There is an Increased Concentration of AT-Rich Microsatellites in the Genomes of Breast Cancer Patients
Based on analysis of germline DNA from 12 cancer-free volunteers versus 10 breast cancer patients, there were 18 statistically significant (using modified t-tests and FDR control by the q-value method with smoothing) microsatellite motifs (including cyclic permutations) that consistently differed between each cancer-free volunteer and all ten patient samples (Fig. 1). Comparisons of race (data not shown) and gender (Supplementary Fig. 4) indicated that within sample size limitations of this study, gender and ethnicity were not factors related to the higher incidence of these global microsatellite motifs in the germlines of breast cancer patients. Notably, there was no significant difference in the global microsatellite content between the cancer patient germlines and tumors (Fig. 1). More significant was the fact that BRCA1/2 positive breast cancer patients did not exhibit the microsatellite signature detected in women with sporadic breast cancer. Overall, these results suggest that these 18 microsatellite motifs might represent a biomarker for breast cancer predisposition that is orthogonal to known risk mutations.
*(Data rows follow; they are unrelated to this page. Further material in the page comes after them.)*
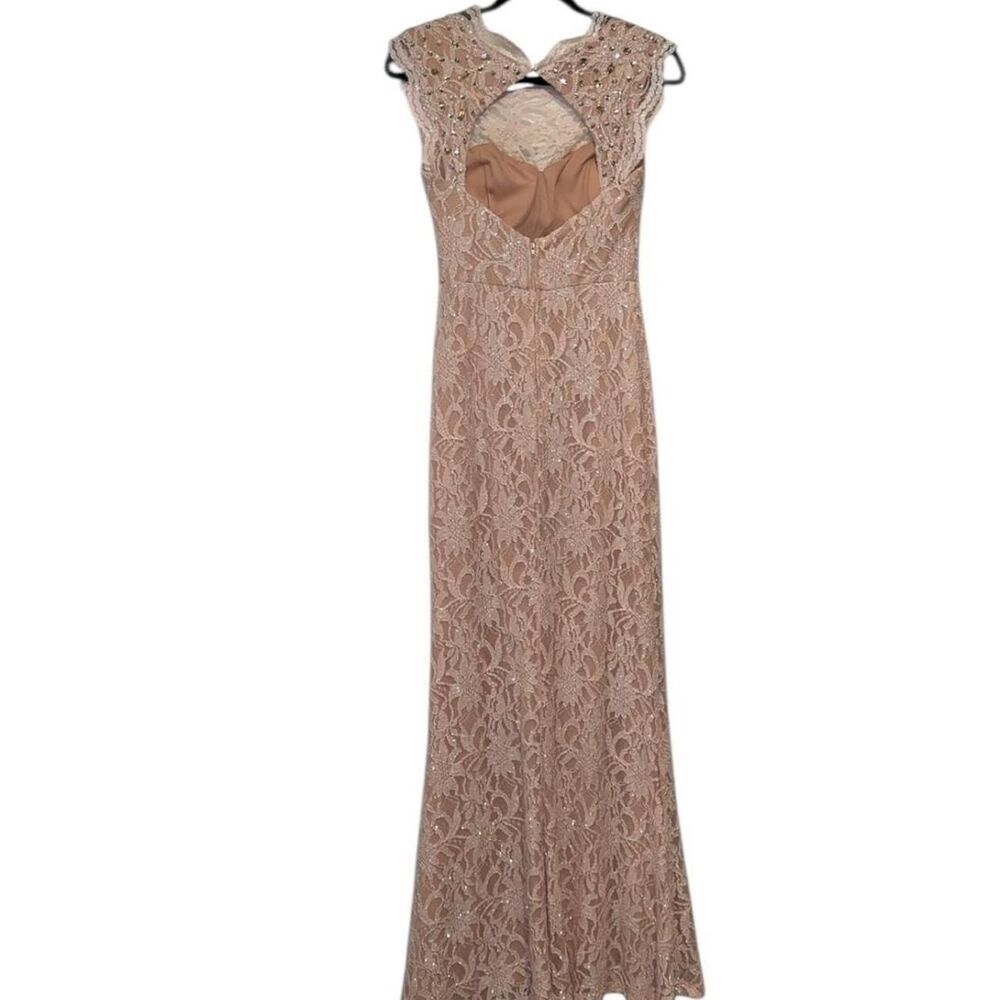 City Triangles All Over Lace Prom Dress with Side Slit Skirt - Picture 3 of 8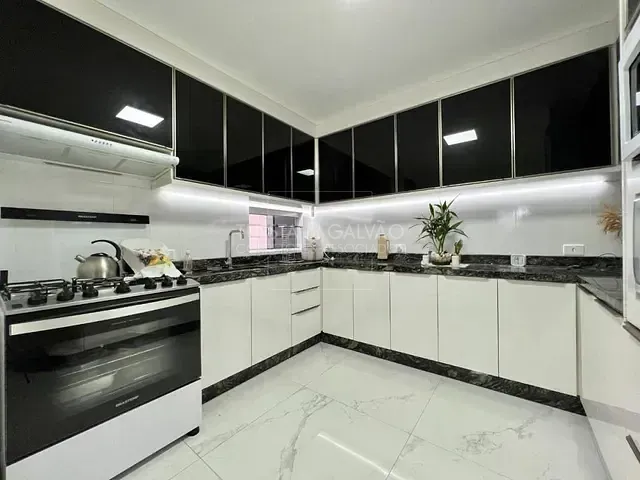 Sobrado com 150m² 4 quartos e 4 banheiros, à venda, no bairro Capão Raso em Curitiba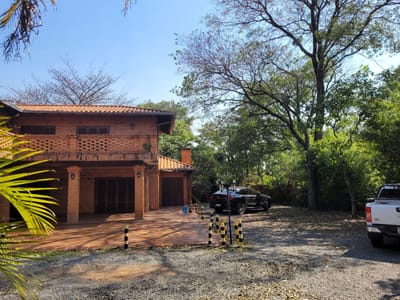 VENDO RESIDENCIA EN BO. SAN CRISTOBAL  1.100.000 USD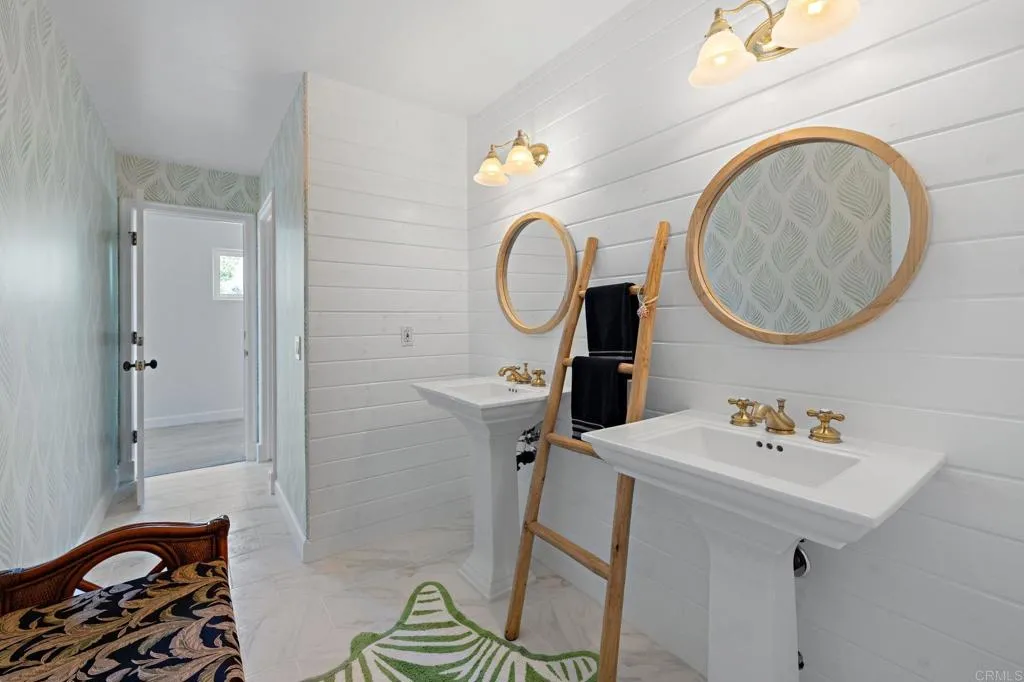https://cdn.realtyfeed.com/cdn/127/306463260/e3e4fdef03df8d1de84397ccb11585a9.webp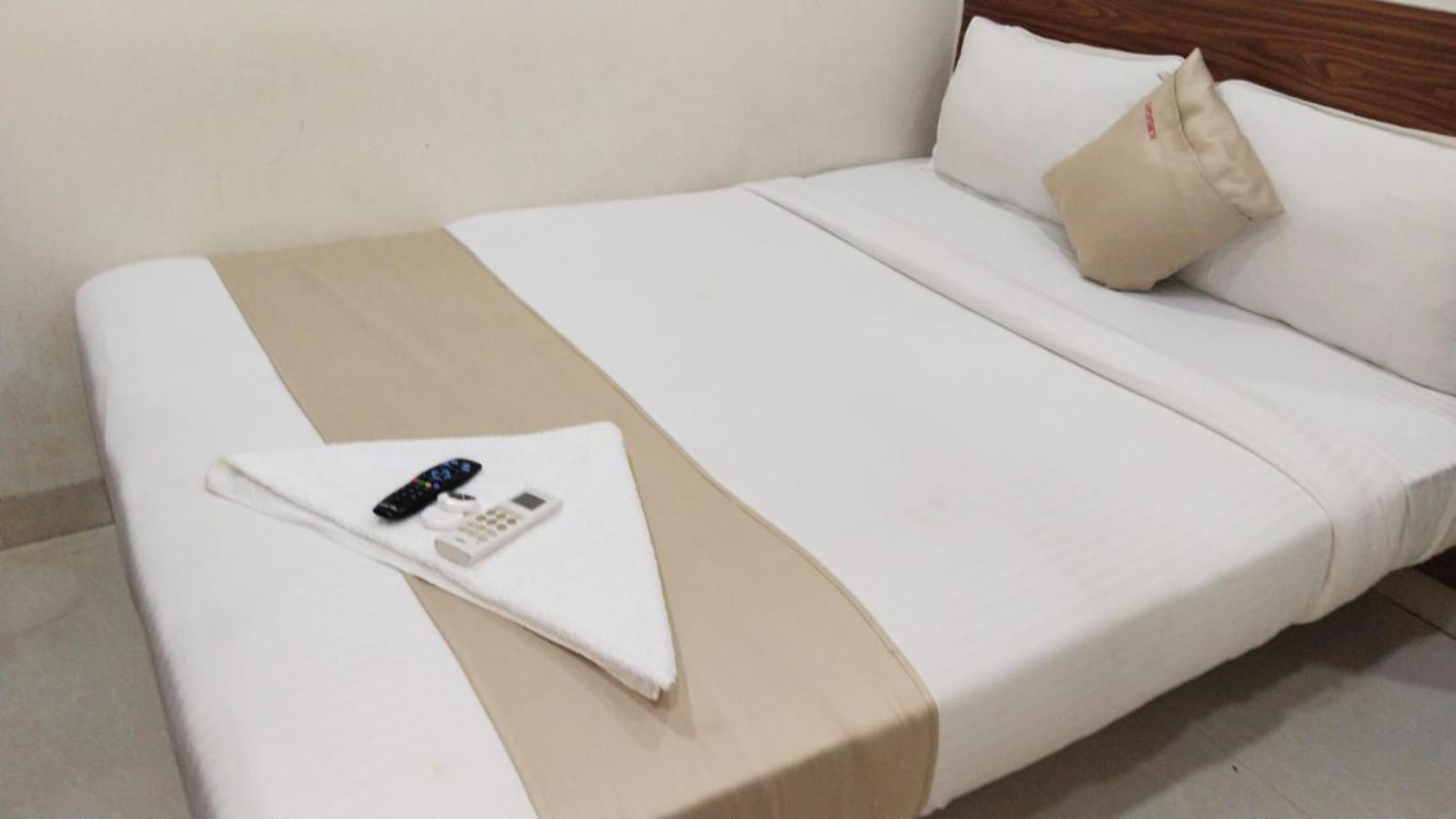 Hotel Delight Mumbai Exteriör bild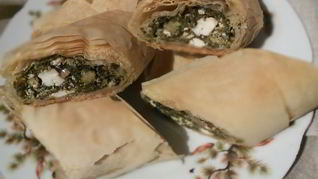 Рецепт Рулета с фетой и шпинатом по-критски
To exclude the possibility that the global microsatellite differences were related to segmental chromosomal duplications or insertions, we analyzed whole genomic SNP array data on the ten breast cancer patient samples for amplifications and deletions of regions containing microsatellites. The copy number variations for each microsatellite at each locus were summed and compared. Based on this analysis, differences in variations in global microsatellite content as ascertained by the custom microsatellite array were not due to large gains or losses of chromosomal content. The contribution of segmental chromosomal duplications to the global microsatellite signature detected in breast cancer samples (compared to normal reference DNA) was negligible (2.6% for all differential microsatellite motifs).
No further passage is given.